───── EXTRACTED INFORMATION ─────

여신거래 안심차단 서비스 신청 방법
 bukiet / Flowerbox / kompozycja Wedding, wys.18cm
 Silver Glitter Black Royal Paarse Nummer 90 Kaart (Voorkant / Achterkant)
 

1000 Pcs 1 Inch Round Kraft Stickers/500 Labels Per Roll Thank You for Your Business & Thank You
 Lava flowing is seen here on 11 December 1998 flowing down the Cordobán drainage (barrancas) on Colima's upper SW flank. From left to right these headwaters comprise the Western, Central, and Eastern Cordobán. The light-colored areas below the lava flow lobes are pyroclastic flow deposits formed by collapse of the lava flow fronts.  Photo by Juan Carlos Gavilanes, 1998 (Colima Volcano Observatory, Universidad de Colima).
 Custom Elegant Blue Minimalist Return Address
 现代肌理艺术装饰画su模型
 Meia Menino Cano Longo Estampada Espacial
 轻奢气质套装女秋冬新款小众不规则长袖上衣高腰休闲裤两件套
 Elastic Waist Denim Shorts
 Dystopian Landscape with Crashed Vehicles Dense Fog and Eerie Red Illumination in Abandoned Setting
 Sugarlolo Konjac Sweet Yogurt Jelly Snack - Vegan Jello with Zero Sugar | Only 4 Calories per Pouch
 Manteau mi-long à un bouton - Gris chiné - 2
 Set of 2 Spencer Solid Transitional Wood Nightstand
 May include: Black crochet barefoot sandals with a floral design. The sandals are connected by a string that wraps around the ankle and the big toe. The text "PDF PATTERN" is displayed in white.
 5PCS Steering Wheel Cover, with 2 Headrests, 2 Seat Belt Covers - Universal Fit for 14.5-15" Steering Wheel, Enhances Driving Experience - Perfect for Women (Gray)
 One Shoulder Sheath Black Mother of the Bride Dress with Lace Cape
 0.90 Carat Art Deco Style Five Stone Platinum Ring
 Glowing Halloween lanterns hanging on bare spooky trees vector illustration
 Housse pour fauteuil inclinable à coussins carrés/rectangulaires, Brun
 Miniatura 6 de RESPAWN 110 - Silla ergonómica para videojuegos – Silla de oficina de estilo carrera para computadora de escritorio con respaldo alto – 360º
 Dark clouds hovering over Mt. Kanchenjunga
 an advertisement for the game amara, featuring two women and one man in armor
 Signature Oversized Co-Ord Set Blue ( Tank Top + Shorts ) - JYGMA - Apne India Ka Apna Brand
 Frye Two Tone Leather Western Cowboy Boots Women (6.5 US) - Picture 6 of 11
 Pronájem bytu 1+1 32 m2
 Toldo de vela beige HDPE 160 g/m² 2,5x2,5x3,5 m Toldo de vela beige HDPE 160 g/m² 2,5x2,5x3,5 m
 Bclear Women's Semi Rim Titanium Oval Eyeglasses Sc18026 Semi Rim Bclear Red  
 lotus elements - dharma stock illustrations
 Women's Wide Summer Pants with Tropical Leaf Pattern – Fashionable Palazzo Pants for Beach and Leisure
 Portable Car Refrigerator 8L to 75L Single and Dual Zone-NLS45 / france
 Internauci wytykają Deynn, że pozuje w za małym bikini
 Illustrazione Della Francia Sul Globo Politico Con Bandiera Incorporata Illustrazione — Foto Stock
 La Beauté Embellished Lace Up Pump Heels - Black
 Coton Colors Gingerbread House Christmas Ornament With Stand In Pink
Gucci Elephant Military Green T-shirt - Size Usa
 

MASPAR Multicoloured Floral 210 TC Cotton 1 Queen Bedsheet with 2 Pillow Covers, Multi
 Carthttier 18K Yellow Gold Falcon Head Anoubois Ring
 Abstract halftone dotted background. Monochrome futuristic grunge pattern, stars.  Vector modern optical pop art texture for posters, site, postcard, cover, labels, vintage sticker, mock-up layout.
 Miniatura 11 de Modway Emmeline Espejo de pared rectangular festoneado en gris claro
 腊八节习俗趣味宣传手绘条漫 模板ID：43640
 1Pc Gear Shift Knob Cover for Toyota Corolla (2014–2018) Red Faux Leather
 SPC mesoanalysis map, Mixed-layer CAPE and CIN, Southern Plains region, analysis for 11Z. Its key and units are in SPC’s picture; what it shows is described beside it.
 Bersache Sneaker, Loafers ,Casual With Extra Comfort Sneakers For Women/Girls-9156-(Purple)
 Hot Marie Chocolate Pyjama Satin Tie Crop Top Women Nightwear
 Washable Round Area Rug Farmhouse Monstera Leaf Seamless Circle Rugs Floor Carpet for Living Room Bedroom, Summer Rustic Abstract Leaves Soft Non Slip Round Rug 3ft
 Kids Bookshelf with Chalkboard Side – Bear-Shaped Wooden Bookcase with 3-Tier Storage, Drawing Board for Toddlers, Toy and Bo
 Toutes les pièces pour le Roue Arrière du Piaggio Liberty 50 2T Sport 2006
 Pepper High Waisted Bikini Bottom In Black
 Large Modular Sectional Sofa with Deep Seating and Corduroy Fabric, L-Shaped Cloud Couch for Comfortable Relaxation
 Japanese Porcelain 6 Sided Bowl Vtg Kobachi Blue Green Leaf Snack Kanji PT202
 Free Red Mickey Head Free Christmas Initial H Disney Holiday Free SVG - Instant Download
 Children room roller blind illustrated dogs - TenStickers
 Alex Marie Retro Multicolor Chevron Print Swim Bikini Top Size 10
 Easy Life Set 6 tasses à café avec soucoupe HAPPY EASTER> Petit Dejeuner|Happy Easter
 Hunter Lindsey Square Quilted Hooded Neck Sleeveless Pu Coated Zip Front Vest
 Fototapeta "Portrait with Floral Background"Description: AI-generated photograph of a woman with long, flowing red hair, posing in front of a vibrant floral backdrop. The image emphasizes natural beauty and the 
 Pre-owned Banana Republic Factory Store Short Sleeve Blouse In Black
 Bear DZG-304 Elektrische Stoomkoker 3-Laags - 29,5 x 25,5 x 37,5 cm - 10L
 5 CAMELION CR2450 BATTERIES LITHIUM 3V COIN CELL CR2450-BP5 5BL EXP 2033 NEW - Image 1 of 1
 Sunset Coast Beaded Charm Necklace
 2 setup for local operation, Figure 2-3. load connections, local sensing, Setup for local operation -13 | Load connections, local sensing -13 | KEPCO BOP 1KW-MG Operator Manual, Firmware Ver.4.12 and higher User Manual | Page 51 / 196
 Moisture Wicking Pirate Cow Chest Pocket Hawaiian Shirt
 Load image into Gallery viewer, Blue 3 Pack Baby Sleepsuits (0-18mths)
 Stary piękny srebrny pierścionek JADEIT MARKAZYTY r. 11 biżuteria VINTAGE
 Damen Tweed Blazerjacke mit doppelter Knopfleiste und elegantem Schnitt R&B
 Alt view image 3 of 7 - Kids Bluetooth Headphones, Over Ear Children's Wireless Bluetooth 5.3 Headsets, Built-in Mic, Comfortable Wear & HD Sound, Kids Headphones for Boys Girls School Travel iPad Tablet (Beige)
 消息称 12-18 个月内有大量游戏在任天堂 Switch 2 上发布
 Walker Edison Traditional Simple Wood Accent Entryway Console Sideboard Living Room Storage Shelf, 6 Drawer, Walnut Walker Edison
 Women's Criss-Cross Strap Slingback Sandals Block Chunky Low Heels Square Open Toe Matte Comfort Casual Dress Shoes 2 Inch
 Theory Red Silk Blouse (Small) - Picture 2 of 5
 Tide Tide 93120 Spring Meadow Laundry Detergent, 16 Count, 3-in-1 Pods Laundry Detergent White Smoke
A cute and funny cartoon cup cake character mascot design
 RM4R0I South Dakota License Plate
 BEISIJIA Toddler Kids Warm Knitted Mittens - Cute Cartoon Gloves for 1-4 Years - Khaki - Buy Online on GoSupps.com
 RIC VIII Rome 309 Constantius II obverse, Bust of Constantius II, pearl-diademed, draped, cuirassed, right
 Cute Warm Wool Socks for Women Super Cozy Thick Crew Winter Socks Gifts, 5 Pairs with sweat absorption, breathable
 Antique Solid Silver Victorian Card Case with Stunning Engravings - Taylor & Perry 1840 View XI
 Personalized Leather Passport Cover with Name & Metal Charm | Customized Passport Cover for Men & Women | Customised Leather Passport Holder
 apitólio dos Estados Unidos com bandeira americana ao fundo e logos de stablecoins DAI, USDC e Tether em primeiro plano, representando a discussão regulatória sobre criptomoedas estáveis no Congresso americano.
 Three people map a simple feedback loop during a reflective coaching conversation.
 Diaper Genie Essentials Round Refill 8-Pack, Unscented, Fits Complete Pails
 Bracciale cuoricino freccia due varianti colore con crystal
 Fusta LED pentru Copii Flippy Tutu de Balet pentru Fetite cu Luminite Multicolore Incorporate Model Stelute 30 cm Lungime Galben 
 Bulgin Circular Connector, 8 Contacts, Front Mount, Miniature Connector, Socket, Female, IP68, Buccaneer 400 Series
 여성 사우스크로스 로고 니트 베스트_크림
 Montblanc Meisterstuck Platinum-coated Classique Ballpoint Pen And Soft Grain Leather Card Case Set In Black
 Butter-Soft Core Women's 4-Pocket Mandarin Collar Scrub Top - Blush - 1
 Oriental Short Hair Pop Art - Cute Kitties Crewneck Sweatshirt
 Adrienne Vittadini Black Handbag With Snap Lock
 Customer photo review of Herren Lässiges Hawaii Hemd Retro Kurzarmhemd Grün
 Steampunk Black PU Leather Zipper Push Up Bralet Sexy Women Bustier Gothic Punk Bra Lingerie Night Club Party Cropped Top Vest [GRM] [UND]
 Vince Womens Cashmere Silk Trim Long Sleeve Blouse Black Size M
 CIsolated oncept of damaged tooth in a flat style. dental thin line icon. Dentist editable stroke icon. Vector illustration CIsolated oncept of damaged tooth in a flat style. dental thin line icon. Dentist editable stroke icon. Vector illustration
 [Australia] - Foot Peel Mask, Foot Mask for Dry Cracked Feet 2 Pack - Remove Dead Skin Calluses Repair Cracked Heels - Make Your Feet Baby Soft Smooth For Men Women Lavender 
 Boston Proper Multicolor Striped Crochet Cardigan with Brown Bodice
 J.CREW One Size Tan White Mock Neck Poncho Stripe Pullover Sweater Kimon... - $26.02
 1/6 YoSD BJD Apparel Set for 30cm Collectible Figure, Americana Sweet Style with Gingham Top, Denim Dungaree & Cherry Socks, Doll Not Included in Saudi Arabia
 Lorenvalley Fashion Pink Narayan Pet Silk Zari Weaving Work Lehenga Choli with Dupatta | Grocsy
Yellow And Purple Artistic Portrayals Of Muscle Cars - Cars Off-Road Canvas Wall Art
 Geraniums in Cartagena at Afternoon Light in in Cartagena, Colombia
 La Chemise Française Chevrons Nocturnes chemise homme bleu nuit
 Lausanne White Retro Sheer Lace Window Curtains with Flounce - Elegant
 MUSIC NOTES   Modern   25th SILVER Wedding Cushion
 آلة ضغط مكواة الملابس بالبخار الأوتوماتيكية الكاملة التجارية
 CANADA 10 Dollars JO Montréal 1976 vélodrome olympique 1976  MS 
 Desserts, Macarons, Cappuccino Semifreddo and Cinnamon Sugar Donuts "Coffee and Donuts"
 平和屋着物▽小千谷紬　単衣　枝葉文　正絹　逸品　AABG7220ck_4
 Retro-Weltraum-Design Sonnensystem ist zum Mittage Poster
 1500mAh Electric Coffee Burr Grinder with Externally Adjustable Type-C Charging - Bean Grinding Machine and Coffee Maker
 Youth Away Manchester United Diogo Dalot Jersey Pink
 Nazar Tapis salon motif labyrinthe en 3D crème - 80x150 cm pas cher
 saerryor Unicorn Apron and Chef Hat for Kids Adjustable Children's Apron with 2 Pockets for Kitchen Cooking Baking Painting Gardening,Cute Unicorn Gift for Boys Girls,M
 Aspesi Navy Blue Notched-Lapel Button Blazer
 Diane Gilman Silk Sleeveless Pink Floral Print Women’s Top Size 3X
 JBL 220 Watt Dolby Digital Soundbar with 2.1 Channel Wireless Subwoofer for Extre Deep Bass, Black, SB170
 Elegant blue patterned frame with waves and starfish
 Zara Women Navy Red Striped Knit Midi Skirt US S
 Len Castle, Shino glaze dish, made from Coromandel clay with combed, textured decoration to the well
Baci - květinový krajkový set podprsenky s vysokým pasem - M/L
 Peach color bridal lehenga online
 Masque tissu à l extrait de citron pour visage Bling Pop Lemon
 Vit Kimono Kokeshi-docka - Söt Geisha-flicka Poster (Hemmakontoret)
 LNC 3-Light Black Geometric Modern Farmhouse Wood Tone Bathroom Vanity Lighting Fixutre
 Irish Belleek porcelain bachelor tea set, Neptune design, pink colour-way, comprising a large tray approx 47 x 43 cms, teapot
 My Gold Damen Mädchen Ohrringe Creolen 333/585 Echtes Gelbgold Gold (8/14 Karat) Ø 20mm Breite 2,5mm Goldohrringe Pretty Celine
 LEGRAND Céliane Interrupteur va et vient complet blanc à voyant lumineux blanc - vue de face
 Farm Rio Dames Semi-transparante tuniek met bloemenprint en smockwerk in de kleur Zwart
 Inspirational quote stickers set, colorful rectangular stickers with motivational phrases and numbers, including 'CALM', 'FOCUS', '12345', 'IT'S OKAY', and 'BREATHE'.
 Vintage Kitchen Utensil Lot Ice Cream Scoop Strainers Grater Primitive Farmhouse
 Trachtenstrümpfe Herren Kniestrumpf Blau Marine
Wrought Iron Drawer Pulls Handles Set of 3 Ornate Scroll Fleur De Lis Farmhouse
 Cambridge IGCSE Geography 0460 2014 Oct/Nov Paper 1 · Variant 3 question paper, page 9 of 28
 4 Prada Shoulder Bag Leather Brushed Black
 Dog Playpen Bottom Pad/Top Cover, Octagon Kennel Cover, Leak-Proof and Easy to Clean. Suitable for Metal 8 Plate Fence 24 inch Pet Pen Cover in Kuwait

─────

> **ACTIVITY**: Transcribe, exactly and without additions, the lines of the records above, beginning with the line that contains "SILVER Wedding Cushion" and ending with the line that contains "LNC 3-Light Black", both included.

> **ANSWER SECTION**:
 MUSIC NOTES   Modern   25th SILVER Wedding Cushion
 آلة ضغط مكواة الملابس بالبخار الأوتوماتيكية الكاملة التجارية
 CANADA 10 Dollars JO Montréal 1976 vélodrome olympique 1976  MS 
 Desserts, Macarons, Cappuccino Semifreddo and Cinnamon Sugar Donuts "Coffee and Donuts"
 平和屋着物▽小千谷紬　単衣　枝葉文　正絹　逸品　AABG7220ck_4
 Retro-Weltraum-Design Sonnensystem ist zum Mittage Poster
 1500mAh Electric Coffee Burr Grinder with Externally Adjustable Type-C Charging - Bean Grinding Machine and Coffee Maker
 Youth Away Manchester United Diogo Dalot Jersey Pink
 Nazar Tapis salon motif labyrinthe en 3D crème - 80x150 cm pas cher
 saerryor Unicorn Apron and Chef Hat for Kids Adjustable Children's Apron with 2 Pockets for Kitchen Cooking Baking Painting Gardening,Cute Unicorn Gift for Boys Girls,M
 Aspesi Navy Blue Notched-Lapel Button Blazer
 Diane Gilman Silk Sleeveless Pink Floral Print Women’s Top Size 3X
 JBL 220 Watt Dolby Digital Soundbar with 2.1 Channel Wireless Subwoofer for Extre Deep Bass, Black, SB170
 Elegant blue patterned frame with waves and starfish
 Zara Women Navy Red Striped Knit Midi Skirt US S
 Len Castle, Shino glaze dish, made from Coromandel clay with combed, textured decoration to the well
Baci - květinový krajkový set podprsenky s vysokým pasem - M/L
 Peach color bridal lehenga online
 Masque tissu à l extrait de citron pour visage Bling Pop Lemon
 Vit Kimono Kokeshi-docka - Söt Geisha-flicka Poster (Hemmakontoret)
 LNC 3-Light Black Geometric Modern Farmhouse Wood Tone Bathroom Vanity Lighting Fixutre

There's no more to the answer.